DATA START
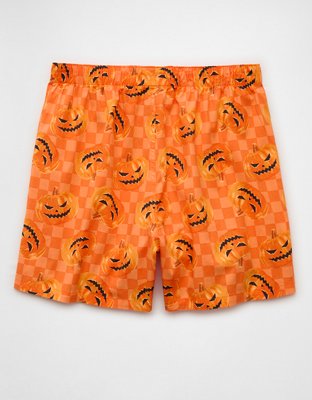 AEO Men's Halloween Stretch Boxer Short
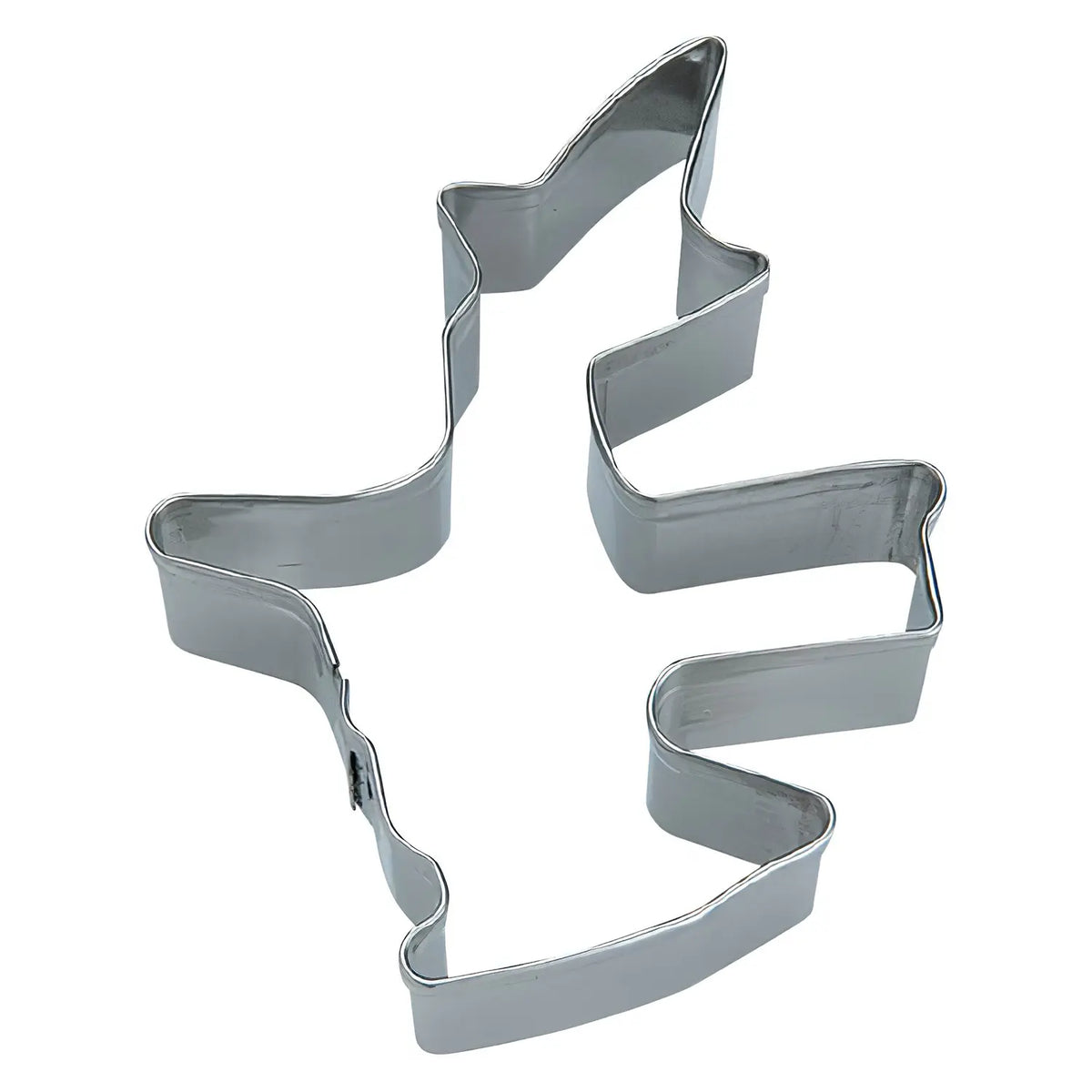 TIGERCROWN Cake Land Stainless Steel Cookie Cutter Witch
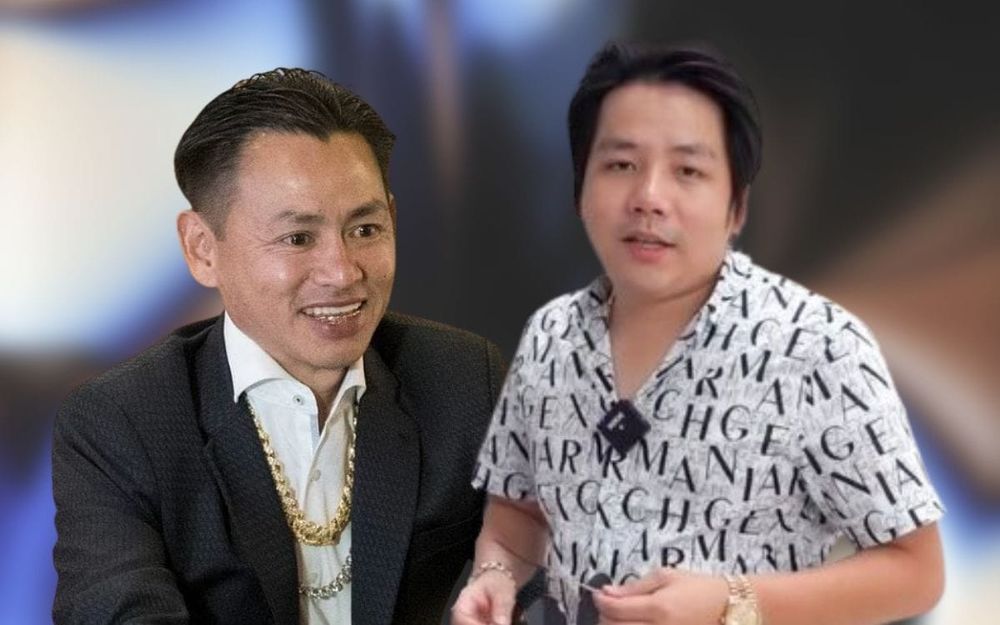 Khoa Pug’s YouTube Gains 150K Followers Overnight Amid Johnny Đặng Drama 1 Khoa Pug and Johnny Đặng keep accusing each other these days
DATA END
* [TRY IT] Would you reproduce each line of the material exactly, omitting the images?

* [ANSWER TO THIS EXERCISE]
 AEO Men's Halloween Stretch Boxer Short
 TIGERCROWN Cake Land Stainless Steel Cookie Cutter Witch
 Khoa Pug’s YouTube Gains 150K Followers Overnight Amid Johnny Đặng Drama 1 Khoa Pug and Johnny Đặng keep accusing each other these days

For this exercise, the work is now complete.